Face à la persistance des fortes pluies et des risques d’inondation, le Comité interministériel de gestion des crises et catastrophes a fait le point sur la situation au Mali. Depuis le début de la saison des pluies, le pays a enregistré plusieurs incidents ayant causé des pertes en vies humaines et affecté des centaines de ménages.
Six morts et près de 1 000 personnes affectées
Réuni le 12 août au Centre de Coordination et de Gestion des Crises, le Comité technique de gestion de la crise des inondations a dressé un bilan préoccupant de la situation. Depuis le début de la saison des pluies, cinq cas d’inondation, cinq cas de foudre et deux cas de vents violents ont été enregistrés sur le territoire national.
Ces intempéries ont malheureusement causé six pertes en vies humaines et onze blessés. Vingt cas d’effondrement ont également été recensés. Au total, 102 ménages, représentant 927 personnes, ont été affectés par ces différents événements.
Le gouvernement a présenté ses condoléances aux familles endeuillées et exprimé sa compassion aux personnes touchées. Il assure également que les mesures nécessaires sont prises pour apporter une assistance rapide aux sinistrés.
Un dispositif de prévention renforcé
Dans le cadre du Plan national de prévention et de gestion des risques d’inondation, plusieurs mesures sont actuellement mises en œuvre. Il s’agit notamment du renforcement des équipes d’intervention rapide de la Protection civile, de l’activation des Comités régionaux de gestion des crises et catastrophes et de la poursuite des opérations de curage des caniveaux et collecteurs.
Les autorités annoncent également la poursuite des travaux de libération des servitudes et des lits des marigots dans le District de Bamako. La mobilisation des brigadiers citoyens et des volontaires, ainsi que la préparation de stocks de vivres et de biens non alimentaires dans les différentes régions, figurent parmi les actions engagées.
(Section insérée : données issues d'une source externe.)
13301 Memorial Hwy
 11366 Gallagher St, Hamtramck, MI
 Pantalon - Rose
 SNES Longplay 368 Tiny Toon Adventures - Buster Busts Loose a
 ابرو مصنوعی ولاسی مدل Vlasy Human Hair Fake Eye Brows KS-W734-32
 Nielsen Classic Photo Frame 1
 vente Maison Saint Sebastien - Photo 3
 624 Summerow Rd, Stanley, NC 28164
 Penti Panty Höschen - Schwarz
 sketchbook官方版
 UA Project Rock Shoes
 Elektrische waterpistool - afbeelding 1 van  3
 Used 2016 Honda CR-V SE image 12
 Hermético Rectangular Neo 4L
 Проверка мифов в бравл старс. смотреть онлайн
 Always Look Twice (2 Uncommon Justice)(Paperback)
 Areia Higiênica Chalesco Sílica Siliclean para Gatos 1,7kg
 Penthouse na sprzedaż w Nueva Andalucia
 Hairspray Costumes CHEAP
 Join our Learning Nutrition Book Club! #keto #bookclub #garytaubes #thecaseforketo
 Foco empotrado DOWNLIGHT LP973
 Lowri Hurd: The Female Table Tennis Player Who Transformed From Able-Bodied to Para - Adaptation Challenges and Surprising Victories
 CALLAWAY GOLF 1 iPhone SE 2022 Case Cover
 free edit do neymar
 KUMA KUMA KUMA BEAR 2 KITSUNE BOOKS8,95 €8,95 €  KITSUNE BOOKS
Par ailleurs, la production et la diffusion régulières des alertes hydrométéorologiques doivent permettre aux populations de mieux anticiper les épisodes dangereux.
Les risques restent élevés par endroits
Selon le communiqué publié le 13 août, la première décade du mois d’août a été marquée par des activités pluvio-orageuses d’intensité modérée à forte dans une grande partie du pays. Les prévisions restent favorables à la poursuite de ces phénomènes, accompagnés de vents violents, d’éclairs, de tonnerre et de risques de foudroiement.
Sur le plan hydrologique, les niveaux des cours d’eau continuent de monter, annonçant le début de la période de crue. Toutefois, le communiqué précise qu’à ce stade, aucun risque lié aux inondations fluviales n’est identifié sur le territoire national.
Les autorités invitent ainsi les populations à la vigilance. Elles recommandent notamment de ne pas emprunter les routes ou rues inondées, de s’éloigner des cours d’eau en crue et des caniveaux, de ne pas s’abriter sous les arbres pendant les orages et d’éviter l’utilisation du téléphone sous un orage.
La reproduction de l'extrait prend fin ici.